Around the World in 80 Dinners - Bill Jamison [0]
The Ultimate Culinary Adventure
Cheryl and Bill Jamison
For the Neale family:
our daughter, Heather; son-in-law, J. B.;
grandchildren, Riley, Bronwyn, and Chloe;
and the youngsters’ Flat Stanleys
Contents
Acknowledgments
Off to Eat the World
Bali
Australia
New Caledonia
Singapore
Thailand
India
China
South Africa
France
Brazil
Let’s Do It Again
About the Authors
Other Books by Cheryl and Bill Jamison
Credits
Copyright
About the Publisher
Acknowledgments
If we’ve had any success at all in relating our tale, much of the credit goes to three talented and inspirational ladies. Our former editor Harriet Bell suggested we take a pause from writing cookbooks and try our hands at a new genre, in which she gave us important early guidance. Doe Coover, our hard-toiling agent, made us see and understand some of our initial mistakes and how to correct them. Carolyn Marino, who took over as the editor, went through our first draft with a sharp pencil and piercing insight, cutting extraneous material and showing us what needed tightening. None of them, of course, shares any of the blame for blunders that remain.
We also want to thank Sam Daniel; Rebecca, the reservation agent; and other employees at American Airlines who assisted us so ably in putting together our flight plans for an around-the-world trip.
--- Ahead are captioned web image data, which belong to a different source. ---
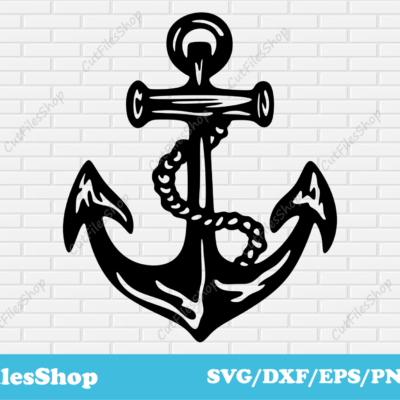 Anchor DXF for laser cutting, Stencil dxf for plasma cut, anchor svg for cricut, anchor png for sublimation - Cut Files Shop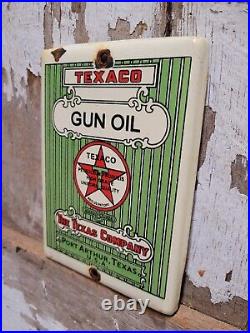 Vintage Texaco Gun Oil Porcelain Sign Firearm Gun Rifle Plaque Shotgun Lube 7x5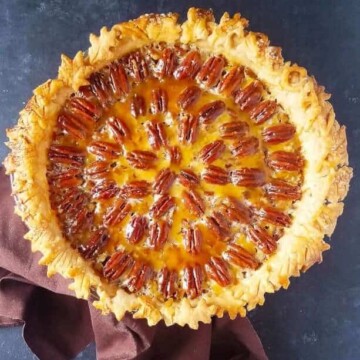 Texas pecan pie with a napkin on the side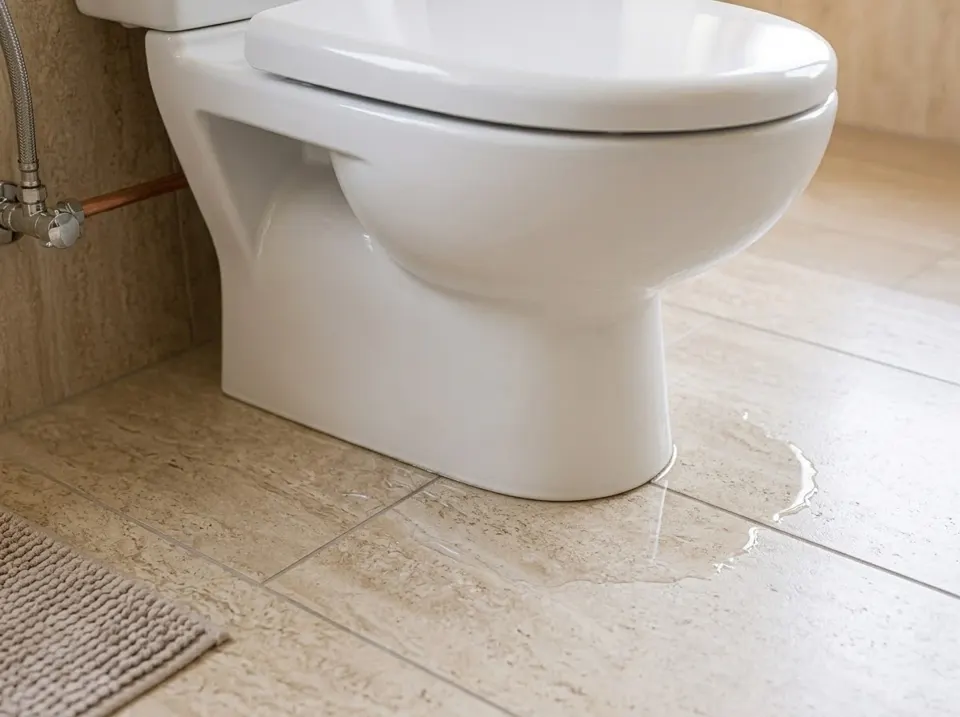 Small pool of water on tiles beside the base of a toilet pan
In a modern take on medieval alchemy, they turned frequent-flier miles on paper into fifty thousand actual miles with wings.
OFF TO EAT THE WORLD
NOTHING SPOILS A DAY MUCH MORE THAN SAM DANIEL CALLING TO SAY THAT you have too many legs.
“Mr. Jamison?” he asks cheerfully when Bill picks up the phone, signaling in one short breath that he’s a stranger we probably don’t want to hear from.
“Yes,” Bill answers warily, holding the phone askance.
In a soothing, sonorous voice—imagine Bill Clinton on Valium—Sam introduces himself and says, “I’m with American Airlines, assigned to the office that coordinates AAdvantage award travel involving our partner carriers in the ONEworld alliance. Our committee of all the airline representatives met yesterday and reviewed the around-the-world Business Class itinerary you booked recently. We found that it contains more than sixteen legs, or flight segments, the maximum permitted.”
Bill is fully alert now and determined to remain tactful, contrary to his natural instincts. “Sam, I’ve read all the published rules for this kind of award travel many times, and they don’t include any limitation on the number of legs.”
“Yes, sir. It’s a new policy.”
“Do you have it in writing somewhere so I can review it?”
“No, not yet, but the committee feels strongly about it.”
Bill thinks back quickly to the long conversation he had two days earlier with Rebecca, the perky international agent who obligingly booked our three-month trip without a single protesting peep about the number of flights. “Why didn’t Rebecca catch this? She’s clearly sharp and professional.”
“She doesn’t know about it yet. We haven’t had an opportunity to inform the reservation agents.”
“Sam,” Bill says in a slight slippage from the most diplomatic approach, “you sound like a decent and intelligent guy. You don’t by any chance think I’m a total fool, do you, the kind of guy who might, for instance, pay the delivery charge on a truckload of bullshit?”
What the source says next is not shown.